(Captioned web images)
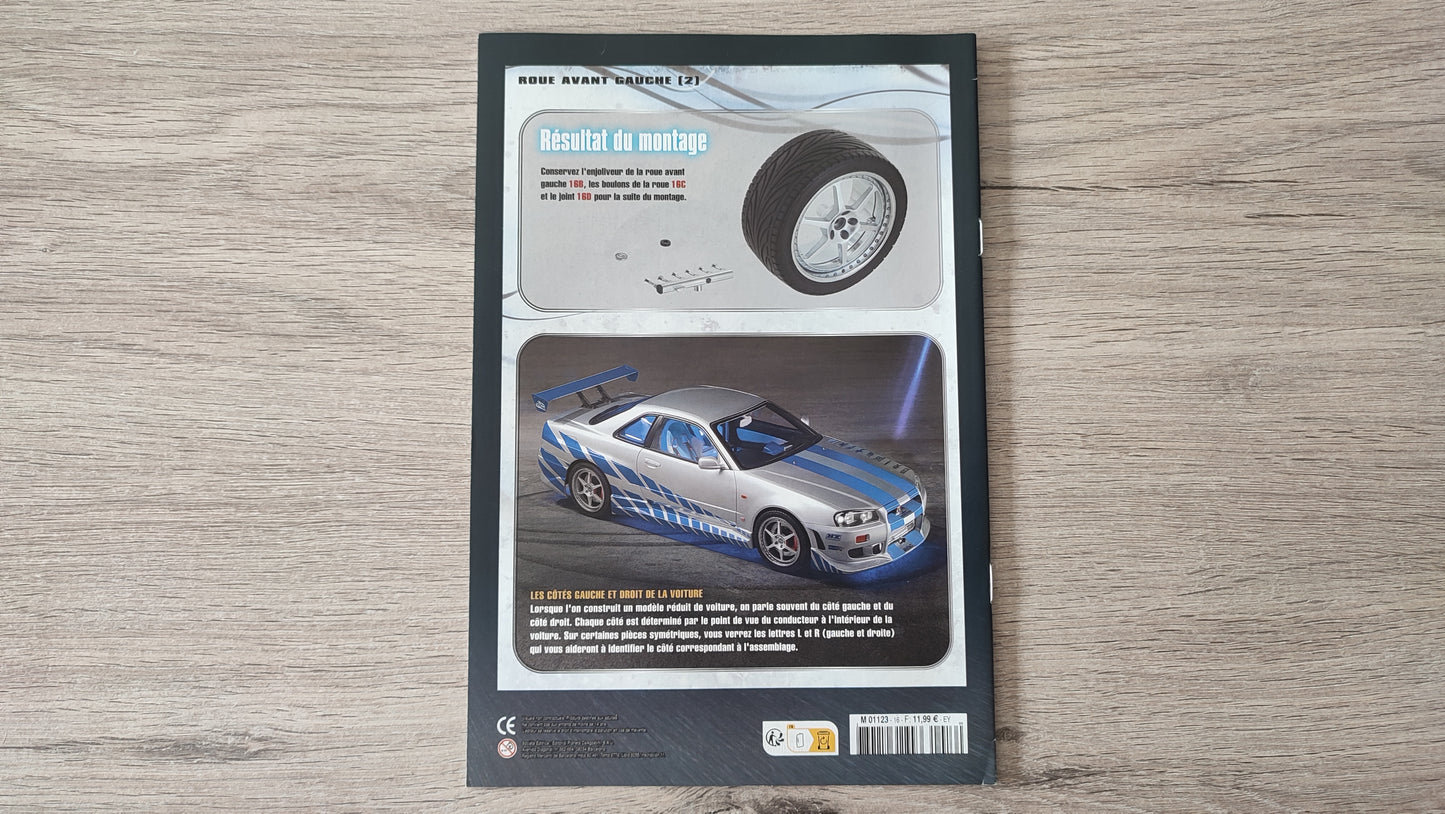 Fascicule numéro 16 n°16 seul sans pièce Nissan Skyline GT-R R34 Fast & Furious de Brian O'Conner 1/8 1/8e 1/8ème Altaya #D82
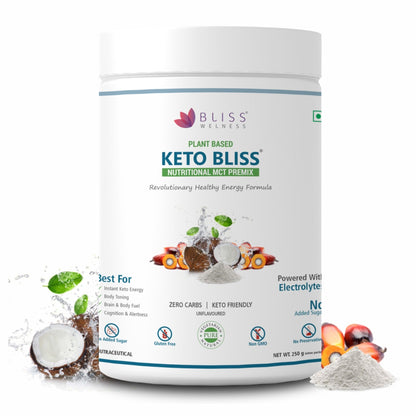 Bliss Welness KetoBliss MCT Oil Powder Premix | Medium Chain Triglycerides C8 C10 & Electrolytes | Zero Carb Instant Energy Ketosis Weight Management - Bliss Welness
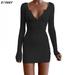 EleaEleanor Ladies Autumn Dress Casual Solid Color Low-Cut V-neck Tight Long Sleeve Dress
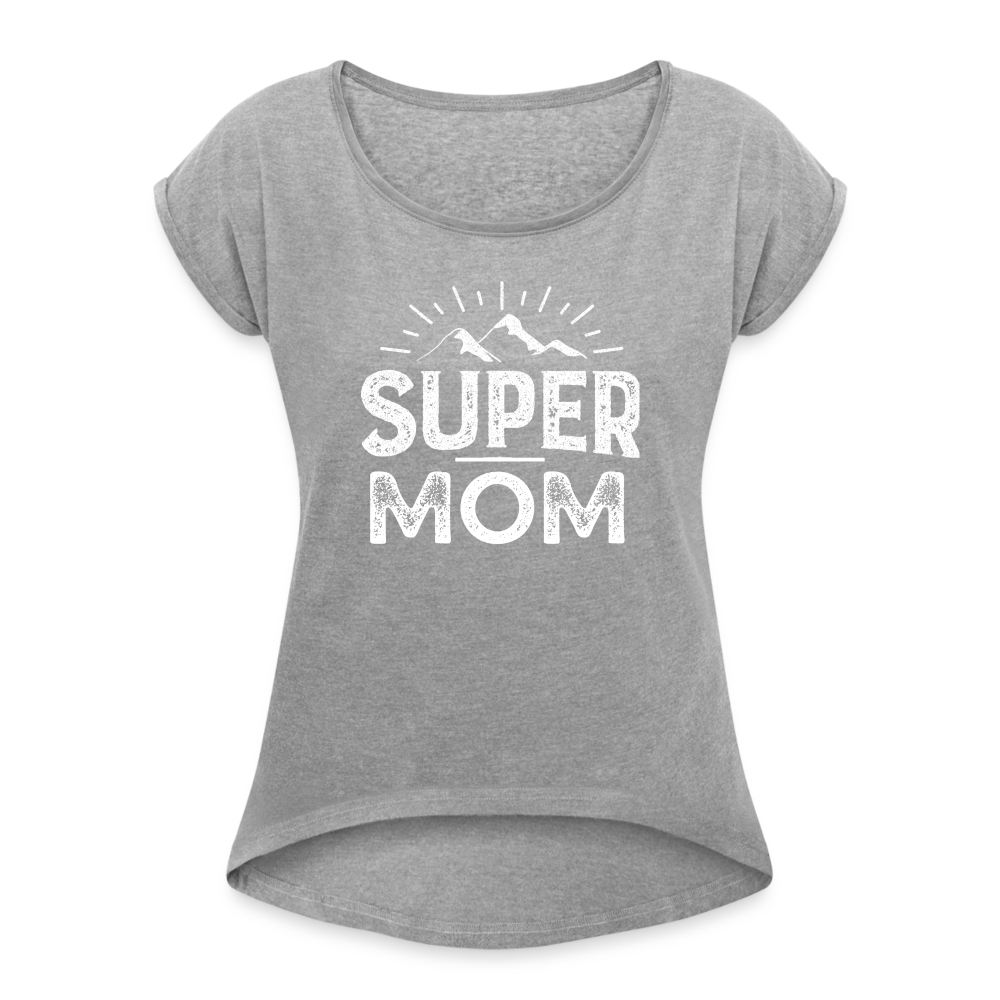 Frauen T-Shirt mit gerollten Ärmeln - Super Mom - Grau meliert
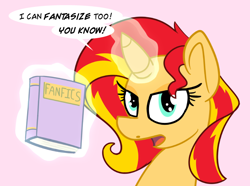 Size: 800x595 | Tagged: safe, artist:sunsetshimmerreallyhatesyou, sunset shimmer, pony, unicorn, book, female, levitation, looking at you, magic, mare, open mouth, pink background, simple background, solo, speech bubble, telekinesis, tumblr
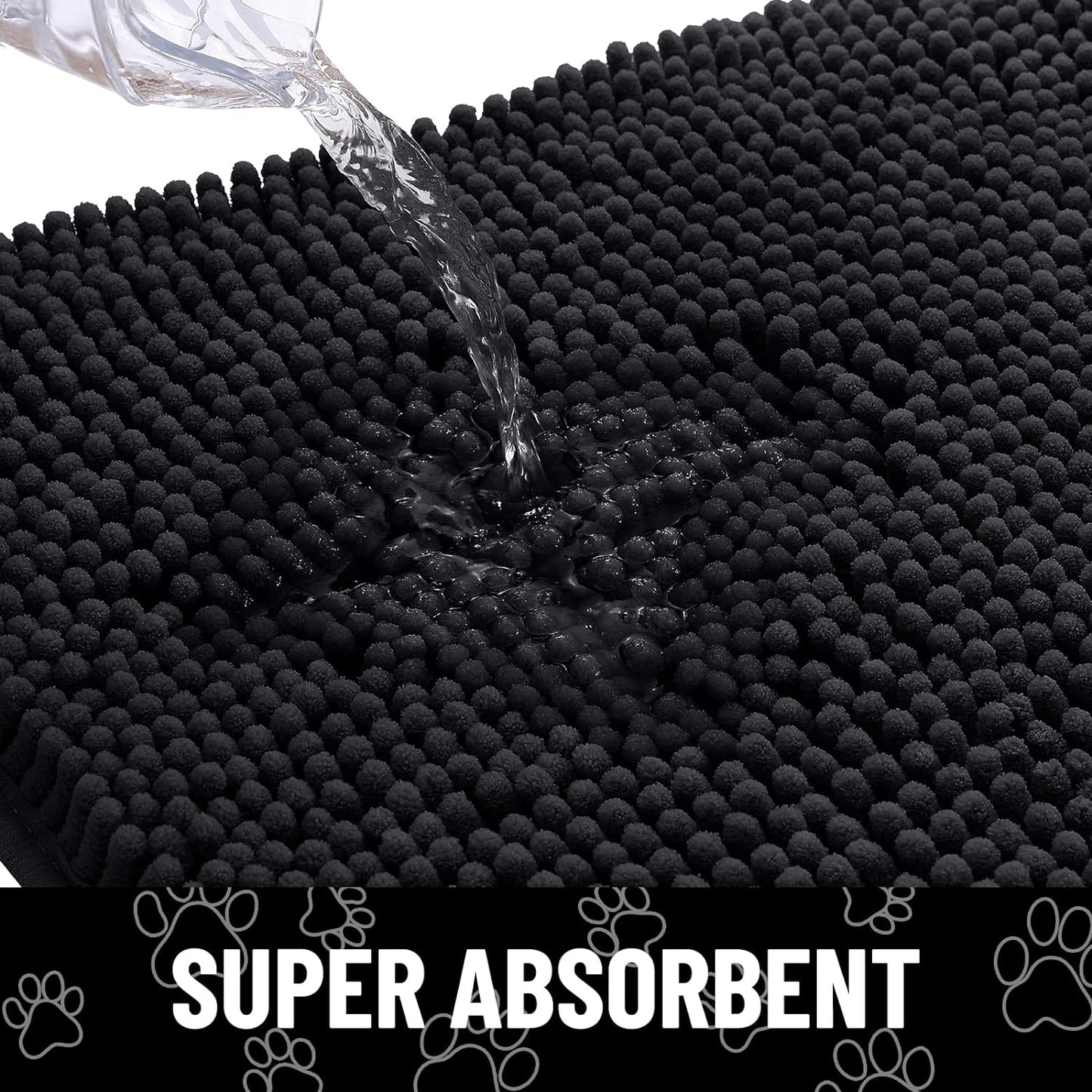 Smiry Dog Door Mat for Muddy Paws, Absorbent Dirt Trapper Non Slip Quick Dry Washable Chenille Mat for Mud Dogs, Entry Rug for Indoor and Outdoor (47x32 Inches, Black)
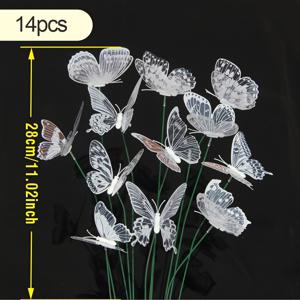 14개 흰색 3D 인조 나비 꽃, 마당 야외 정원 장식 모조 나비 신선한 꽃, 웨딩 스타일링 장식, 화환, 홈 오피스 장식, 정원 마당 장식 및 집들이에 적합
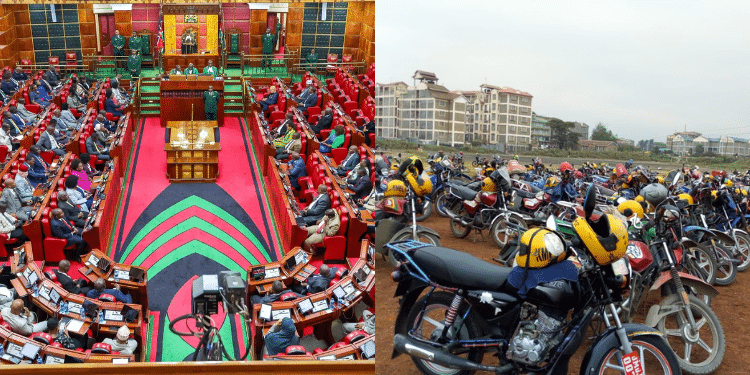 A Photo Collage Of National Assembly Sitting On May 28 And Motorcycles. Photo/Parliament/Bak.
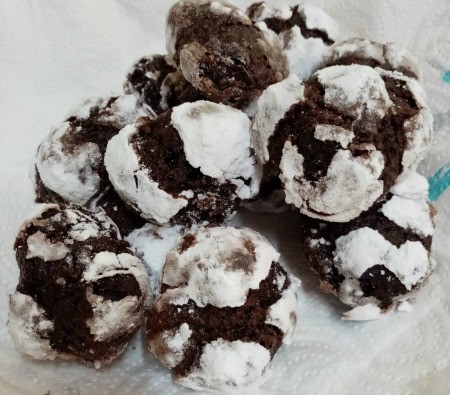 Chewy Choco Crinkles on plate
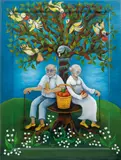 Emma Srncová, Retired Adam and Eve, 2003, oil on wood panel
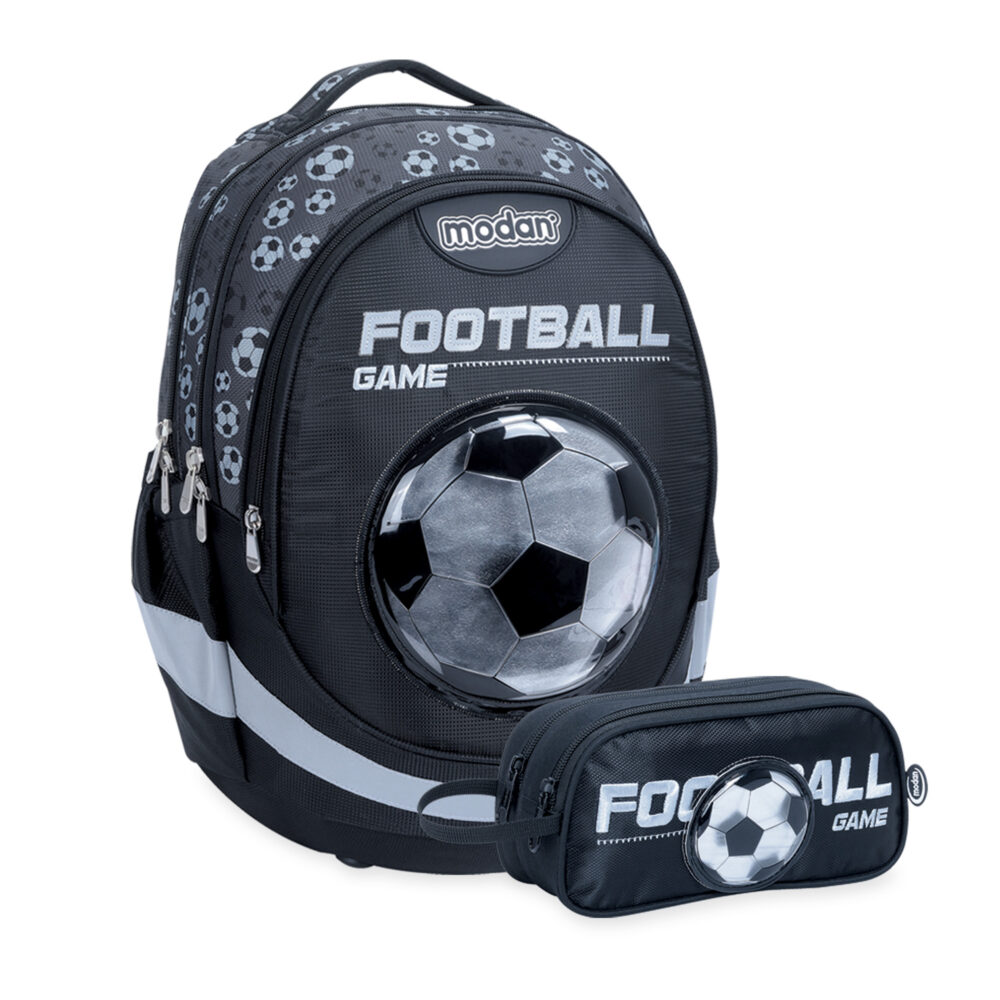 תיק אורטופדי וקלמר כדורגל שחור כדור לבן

## TASK ITEM
Hand back exactly the lines from the one with "14개 흰색 3D 인조" through the last line of the data above, both ends included, with every picture left out.

## COMPLETED TASK
 14개 흰색 3D 인조 나비 꽃, 마당 야외 정원 장식 모조 나비 신선한 꽃, 웨딩 스타일링 장식, 화환, 홈 오피스 장식, 정원 마당 장식 및 집들이에 적합
 A Photo Collage Of National Assembly Sitting On May 28 And Motorcycles. Photo/Parliament/Bak.
 Chewy Choco Crinkles on plate
 Emma Srncová, Retired Adam and Eve, 2003, oil on wood panel
 תיק אורטופדי וקלמר כדורגל שחור כדור לבן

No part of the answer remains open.